Last year I was very impressed with Tom Rob Smith’s Soviet thriller Child 44. The novel reached the Booker longlist, much to the horror of many critics who thought a commercial crime thriller far too lowbrow. I found this view somewhat sniffy; Child 44 is generally a well written and intriguing crime novel. My only criticism was in how Smith all too eagerly set things up at the end for a sequel. Now the sequel has come.

cover of The Secret Speech by Tom Rob SmithAnd oh dear oh dear. Whilst I defended Child 44 against those who accused Smith of being a Dan Brown in the waiting, I have no defence whatsoever for The Secret Speech. This is a book clumsily written and so preposterous that you’ll want to throw it across the room (or in my case out of the hotel room window). Where Child 44 ended with the whispers of a follow up, Smith must have sat around doing very little until his publishers started banging in his door and demanding it. It stinks of a book written in great haste, and one that is little more that a hastily sketched out screenplay in the guise of a hardback.

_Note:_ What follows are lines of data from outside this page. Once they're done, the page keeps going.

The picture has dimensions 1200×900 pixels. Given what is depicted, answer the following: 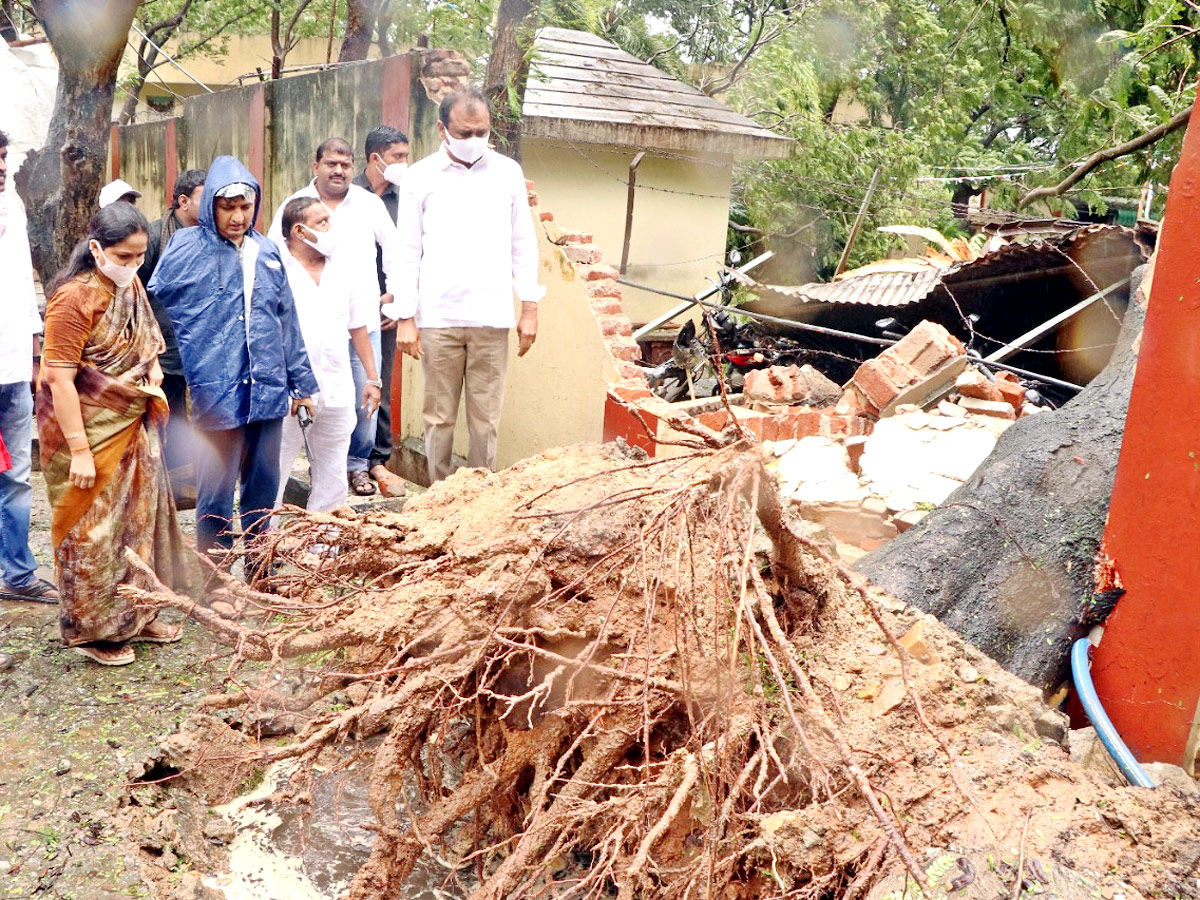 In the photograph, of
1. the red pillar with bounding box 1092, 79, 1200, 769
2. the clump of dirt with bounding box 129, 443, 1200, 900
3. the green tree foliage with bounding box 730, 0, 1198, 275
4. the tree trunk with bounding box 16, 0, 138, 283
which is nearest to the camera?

I don’t normally write bad reviews, but Smith has annoyed me greatly because I’m convinced that he does have talent, and there are parts of The Secret Speech that show what a better book it might have been (albeit only one character convincingly portrayed: the captain of the prison ship that features was very well written for example, which made me question what went wrong with the rest of the book). Otherwise there are too many big scenes that cry out for the attention of the cinema; the detonation of a church, a storm and a revolt at sea, a chase through the sewers.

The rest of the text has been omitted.